#### REQUIRED ACTION
All lines in the entries below that hold "Size" make up the answer.

####################

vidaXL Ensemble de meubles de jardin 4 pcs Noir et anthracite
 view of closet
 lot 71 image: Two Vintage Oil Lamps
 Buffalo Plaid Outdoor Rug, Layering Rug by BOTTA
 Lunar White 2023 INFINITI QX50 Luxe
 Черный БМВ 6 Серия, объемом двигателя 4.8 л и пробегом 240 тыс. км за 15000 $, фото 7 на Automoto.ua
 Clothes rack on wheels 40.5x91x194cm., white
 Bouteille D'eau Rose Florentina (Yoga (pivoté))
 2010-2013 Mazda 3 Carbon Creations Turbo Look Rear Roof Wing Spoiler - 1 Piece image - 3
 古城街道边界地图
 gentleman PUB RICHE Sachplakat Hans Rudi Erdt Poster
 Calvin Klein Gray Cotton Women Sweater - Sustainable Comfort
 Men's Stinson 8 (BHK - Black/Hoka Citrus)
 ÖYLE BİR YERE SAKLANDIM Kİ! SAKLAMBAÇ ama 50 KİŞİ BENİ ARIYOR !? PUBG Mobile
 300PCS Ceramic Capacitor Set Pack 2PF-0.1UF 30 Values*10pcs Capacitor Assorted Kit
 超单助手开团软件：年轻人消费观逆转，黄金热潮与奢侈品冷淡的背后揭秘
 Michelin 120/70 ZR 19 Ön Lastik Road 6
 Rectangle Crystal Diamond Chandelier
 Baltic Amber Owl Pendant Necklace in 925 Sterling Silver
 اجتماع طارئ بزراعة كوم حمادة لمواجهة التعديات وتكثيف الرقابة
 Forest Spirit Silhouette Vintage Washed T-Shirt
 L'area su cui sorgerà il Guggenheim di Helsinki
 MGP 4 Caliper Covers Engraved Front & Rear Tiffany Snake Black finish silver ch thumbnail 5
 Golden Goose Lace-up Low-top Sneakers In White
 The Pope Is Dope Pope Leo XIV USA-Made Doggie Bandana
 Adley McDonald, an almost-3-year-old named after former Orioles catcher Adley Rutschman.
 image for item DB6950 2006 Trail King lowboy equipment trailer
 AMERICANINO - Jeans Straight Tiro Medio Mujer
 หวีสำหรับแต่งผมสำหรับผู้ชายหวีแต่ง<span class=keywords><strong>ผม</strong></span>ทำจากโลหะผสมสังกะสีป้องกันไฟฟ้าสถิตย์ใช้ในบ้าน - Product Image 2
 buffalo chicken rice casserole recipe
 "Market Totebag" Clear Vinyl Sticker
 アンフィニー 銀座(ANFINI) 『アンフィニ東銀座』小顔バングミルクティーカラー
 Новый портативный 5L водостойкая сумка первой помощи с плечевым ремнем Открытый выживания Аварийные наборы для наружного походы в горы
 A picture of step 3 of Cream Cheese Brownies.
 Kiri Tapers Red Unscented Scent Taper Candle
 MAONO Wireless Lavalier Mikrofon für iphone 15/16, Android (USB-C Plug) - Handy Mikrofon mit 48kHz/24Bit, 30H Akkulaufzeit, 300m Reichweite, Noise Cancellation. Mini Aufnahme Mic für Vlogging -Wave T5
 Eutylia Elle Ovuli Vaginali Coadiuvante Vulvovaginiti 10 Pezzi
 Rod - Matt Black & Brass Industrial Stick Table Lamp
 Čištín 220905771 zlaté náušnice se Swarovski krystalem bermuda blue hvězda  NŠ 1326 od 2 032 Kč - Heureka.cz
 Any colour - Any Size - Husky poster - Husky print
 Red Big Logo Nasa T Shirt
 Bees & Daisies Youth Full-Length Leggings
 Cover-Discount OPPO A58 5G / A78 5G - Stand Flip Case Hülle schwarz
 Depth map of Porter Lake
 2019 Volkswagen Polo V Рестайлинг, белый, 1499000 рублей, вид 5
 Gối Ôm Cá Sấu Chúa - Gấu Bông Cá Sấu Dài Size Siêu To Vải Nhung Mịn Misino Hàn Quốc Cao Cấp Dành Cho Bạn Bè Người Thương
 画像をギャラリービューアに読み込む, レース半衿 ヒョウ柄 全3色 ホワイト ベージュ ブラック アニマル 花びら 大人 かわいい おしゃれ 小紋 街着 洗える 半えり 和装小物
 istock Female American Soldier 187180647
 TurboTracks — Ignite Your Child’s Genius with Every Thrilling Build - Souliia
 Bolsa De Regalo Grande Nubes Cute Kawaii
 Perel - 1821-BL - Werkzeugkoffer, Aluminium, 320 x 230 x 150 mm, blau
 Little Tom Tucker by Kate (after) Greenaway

####################

#### RESULT FOR THIS TASK
 Any colour - Any Size - Husky poster - Husky print
 Gối Ôm Cá Sấu Chúa - Gấu Bông Cá Sấu Dài Size Siêu To Vải Nhung Mịn Misino Hàn Quốc Cao Cấp Dành Cho Bạn Bè Người Thương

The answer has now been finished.